Wednesday, August 31, 2011

Suffix tree: an illustration of the algorithm

I recently did some study on suffix tree, and found Ukkonen's linear time online algorithm quite hard to understand. Mark Nelson has a good article about this, however, in my opinion the writing is not so great and some part is confusing.

For example, the active point and end point concepts are very important. It is defined as 'the first non-leaf node'. However it is not actually a node when you are looking at the tree, because there may be some 'implicit nodes', which you cannot find anywhere when you draw a tree. Indeed, it should be viewed from the suffix's point.

I have to read his source code to completely understand how it works. To better demonstrate, I designed the following example to illustrate the algorithm.
This is how the algorithm works step by step when the input string is 'cacao'. Hope this helps.

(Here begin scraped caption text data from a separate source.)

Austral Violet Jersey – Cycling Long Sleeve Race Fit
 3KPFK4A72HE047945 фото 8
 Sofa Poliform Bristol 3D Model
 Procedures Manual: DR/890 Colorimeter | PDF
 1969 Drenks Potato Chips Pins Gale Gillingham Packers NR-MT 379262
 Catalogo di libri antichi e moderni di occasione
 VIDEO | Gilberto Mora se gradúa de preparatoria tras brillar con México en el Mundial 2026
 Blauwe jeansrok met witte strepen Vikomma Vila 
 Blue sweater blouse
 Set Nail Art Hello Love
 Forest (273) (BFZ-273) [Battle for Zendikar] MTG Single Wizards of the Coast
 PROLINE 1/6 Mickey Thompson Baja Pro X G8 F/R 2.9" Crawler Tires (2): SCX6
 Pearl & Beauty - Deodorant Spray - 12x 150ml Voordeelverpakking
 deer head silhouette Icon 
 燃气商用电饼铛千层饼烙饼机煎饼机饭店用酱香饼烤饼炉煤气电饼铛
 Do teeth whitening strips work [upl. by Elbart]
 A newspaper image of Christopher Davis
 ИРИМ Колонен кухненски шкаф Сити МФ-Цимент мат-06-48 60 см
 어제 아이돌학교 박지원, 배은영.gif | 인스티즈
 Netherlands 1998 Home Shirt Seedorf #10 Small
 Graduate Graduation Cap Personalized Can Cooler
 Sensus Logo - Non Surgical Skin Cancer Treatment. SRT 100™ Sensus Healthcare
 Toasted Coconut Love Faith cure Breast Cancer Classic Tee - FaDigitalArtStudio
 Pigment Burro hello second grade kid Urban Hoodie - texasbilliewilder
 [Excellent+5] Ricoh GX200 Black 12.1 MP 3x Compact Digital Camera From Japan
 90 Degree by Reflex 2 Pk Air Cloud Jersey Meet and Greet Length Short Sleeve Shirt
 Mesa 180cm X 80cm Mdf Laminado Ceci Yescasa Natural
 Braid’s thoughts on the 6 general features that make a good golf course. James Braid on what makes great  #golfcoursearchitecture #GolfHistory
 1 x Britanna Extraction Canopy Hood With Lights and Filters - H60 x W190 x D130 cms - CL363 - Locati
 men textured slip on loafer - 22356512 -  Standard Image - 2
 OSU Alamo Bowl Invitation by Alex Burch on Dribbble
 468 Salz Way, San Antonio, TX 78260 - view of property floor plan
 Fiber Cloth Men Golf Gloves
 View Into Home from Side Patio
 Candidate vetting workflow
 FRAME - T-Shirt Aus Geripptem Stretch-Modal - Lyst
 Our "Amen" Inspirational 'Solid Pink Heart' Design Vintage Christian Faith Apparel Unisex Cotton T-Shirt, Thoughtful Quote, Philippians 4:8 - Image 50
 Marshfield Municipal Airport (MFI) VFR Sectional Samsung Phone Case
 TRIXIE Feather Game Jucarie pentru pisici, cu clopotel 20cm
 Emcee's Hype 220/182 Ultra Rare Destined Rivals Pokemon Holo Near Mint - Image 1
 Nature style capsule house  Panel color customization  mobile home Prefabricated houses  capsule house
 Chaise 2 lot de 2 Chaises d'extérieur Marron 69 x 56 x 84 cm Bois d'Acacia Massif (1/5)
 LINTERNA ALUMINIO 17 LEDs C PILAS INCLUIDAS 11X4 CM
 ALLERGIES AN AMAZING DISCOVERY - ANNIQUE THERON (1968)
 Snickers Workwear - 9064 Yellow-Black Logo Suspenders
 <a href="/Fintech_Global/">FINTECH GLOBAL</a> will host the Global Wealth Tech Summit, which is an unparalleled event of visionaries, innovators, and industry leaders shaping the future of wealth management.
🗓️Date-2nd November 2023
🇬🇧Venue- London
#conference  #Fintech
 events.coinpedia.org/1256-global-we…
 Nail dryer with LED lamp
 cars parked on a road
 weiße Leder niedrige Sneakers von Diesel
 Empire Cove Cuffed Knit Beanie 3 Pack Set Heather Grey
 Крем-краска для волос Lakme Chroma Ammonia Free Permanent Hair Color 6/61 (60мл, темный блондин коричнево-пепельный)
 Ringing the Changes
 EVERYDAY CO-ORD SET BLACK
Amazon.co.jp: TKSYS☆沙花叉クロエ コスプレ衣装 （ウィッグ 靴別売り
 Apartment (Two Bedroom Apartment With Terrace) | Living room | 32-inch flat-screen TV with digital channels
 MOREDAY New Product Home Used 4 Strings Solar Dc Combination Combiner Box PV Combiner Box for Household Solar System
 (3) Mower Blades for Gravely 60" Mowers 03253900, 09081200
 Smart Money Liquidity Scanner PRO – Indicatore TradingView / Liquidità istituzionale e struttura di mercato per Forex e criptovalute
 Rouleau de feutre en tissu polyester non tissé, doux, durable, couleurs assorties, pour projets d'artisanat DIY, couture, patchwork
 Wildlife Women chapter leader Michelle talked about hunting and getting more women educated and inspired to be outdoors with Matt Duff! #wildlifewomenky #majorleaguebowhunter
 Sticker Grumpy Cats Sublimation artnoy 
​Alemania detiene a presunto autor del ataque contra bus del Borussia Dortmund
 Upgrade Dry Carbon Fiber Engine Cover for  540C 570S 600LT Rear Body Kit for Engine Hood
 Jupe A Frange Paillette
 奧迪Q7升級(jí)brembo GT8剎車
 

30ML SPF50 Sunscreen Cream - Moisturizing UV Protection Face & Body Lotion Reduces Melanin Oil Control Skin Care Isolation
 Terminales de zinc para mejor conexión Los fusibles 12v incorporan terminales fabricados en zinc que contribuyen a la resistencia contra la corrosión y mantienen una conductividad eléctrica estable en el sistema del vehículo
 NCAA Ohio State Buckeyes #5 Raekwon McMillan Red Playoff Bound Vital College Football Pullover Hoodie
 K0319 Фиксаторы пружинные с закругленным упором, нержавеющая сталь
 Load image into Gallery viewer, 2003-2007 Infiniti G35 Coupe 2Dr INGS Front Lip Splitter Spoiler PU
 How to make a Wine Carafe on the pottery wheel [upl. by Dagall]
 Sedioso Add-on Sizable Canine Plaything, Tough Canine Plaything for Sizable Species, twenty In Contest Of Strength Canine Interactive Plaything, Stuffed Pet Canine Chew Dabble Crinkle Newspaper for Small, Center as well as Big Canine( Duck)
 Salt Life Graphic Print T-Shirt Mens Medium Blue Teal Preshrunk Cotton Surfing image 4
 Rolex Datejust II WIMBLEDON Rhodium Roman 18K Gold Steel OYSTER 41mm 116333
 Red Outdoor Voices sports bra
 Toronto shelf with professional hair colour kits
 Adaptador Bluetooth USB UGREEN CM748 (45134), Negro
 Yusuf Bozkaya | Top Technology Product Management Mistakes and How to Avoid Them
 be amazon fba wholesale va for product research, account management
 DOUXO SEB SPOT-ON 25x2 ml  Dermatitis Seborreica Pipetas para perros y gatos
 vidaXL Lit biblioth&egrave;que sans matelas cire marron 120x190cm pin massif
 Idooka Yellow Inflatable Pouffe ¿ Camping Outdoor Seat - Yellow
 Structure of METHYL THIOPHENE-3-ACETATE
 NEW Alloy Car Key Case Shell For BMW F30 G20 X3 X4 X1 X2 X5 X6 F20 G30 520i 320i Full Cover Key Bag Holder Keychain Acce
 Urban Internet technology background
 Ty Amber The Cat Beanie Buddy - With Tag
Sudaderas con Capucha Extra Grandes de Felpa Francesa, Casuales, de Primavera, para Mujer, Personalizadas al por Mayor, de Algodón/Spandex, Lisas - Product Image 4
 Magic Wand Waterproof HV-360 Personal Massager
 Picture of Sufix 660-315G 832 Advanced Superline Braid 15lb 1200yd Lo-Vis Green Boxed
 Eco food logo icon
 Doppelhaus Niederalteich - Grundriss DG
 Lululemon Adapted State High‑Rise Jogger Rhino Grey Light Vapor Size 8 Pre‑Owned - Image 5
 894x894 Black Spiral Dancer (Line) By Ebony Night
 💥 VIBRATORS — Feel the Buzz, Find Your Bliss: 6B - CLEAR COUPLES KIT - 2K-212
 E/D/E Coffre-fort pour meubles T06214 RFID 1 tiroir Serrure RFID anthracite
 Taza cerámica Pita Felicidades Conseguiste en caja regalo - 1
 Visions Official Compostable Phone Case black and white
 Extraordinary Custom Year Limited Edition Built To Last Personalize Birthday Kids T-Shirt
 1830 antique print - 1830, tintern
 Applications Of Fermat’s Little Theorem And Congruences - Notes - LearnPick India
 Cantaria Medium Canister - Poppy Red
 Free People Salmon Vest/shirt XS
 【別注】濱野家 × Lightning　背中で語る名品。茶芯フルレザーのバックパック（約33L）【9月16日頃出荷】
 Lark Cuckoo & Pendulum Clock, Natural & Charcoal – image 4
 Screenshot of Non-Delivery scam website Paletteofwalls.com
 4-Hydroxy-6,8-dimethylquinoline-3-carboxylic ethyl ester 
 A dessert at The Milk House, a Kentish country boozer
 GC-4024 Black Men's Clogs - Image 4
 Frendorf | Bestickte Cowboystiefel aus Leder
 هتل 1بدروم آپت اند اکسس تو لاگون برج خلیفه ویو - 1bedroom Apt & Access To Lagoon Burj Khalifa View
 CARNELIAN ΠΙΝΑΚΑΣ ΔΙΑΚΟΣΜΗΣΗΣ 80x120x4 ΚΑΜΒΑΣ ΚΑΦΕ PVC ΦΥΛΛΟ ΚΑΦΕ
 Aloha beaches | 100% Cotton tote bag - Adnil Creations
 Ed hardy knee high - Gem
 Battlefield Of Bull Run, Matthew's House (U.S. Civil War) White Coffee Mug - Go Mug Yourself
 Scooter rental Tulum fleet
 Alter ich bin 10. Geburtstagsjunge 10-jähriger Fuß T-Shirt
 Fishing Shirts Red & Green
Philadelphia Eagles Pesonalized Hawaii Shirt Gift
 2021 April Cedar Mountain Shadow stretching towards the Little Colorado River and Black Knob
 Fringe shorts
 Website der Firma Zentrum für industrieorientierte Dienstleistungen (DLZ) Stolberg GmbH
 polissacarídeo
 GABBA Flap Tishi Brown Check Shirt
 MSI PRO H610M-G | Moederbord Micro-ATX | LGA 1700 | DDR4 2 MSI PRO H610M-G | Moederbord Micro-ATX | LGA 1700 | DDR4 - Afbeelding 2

20110831-esemmwq7yh2ks751s5atwuw39i.png

Other useful resource include this tutorial and online suffix tree computation form. Here's an excellent java applet that can generate the suffix tree on the fly. Finally, another detailed tutorial is given by Prof Sartaj Sahni, but I found the presentation introduced lots of symbols and quite hard to follow. A lecture note from Prof. Shaojie Zhang is written clearly, though not many details given.

Here is some points that I want to clarify about the algorithm and suffix tree, assuming you know how a suffix tree looks like:
- Intuitively, suffix tree is a compressed trie. You can construct it trivially by inserting each suffix one by one into a trie tree, then compress it. However, this takes quadratic time.
- To speed up, people proposed different approach. A little history from wikipedia:

The concept was first introduced as a position tree by Weiner in 1973, which Donald Knuth subsequently characterized as "Algorithm of the Year 1973". The construction was greatly simplified by McCreight in 1976, and also by Ukkonen in 1995. Ukkonen provided the first online-construction of suffix trees, now known as Ukkonen's algorithm, with running time that matched the then fastest algorithms. 
Ukkonen is the easiest to understand and it is on-line. Most people should be using this one.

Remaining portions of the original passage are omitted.